With the listing in front of you, retype it exactly.
══ AVAILABLE DATA ══
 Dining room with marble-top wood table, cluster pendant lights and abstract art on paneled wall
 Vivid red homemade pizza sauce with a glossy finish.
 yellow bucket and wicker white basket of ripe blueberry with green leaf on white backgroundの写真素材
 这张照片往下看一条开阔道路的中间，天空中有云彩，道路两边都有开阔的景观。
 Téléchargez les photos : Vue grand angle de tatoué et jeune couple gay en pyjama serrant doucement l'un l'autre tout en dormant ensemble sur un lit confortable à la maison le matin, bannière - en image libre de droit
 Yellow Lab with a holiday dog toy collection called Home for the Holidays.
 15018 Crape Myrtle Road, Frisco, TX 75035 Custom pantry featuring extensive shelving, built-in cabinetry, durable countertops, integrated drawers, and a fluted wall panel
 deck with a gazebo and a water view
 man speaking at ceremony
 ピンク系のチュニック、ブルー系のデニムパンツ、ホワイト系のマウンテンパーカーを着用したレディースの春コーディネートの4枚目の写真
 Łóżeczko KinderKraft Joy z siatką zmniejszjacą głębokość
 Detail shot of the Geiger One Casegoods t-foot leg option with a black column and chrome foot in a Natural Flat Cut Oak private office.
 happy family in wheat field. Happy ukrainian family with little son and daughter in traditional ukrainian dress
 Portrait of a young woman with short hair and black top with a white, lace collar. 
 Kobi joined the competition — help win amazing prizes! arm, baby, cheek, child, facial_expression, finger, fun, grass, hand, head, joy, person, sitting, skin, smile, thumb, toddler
═══
### WRITTEN RESPONSE
 Dining room with marble-top wood table, cluster pendant lights and abstract art on paneled wall
 Vivid red homemade pizza sauce with a glossy finish.
 yellow bucket and wicker white basket of ripe blueberry with green leaf on white backgroundの写真素材
 这张照片往下看一条开阔道路的中间，天空中有云彩，道路两边都有开阔的景观。
 Téléchargez les photos : Vue grand angle de tatoué et jeune couple gay en pyjama serrant doucement l'un l'autre tout en dormant ensemble sur un lit confortable à la maison le matin, bannière - en image libre de droit
 Yellow Lab with a holiday dog toy collection called Home for the Holidays.
 15018 Crape Myrtle Road, Frisco, TX 75035 Custom pantry featuring extensive shelving, built-in cabinetry, durable countertops, integrated drawers, and a fluted wall panel
 deck with a gazebo and a water view
 man speaking at ceremony
 ピンク系のチュニック、ブルー系のデニムパンツ、ホワイト系のマウンテンパーカーを着用したレディースの春コーディネートの4枚目の写真
 Łóżeczko KinderKraft Joy z siatką zmniejszjacą głębokość
 Detail shot of the Geiger One Casegoods t-foot leg option with a black column and chrome foot in a Natural Flat Cut Oak private office.
 happy family in wheat field. Happy ukrainian family with little son and daughter in traditional ukrainian dress
 Portrait of a young woman with short hair and black top with a white, lace collar. 
 Kobi joined the competition — help win amazing prizes! arm, baby, cheek, child, facial_expression, finger, fun, grass, hand, head, joy, person, sitting, skin, smile, thumb, toddler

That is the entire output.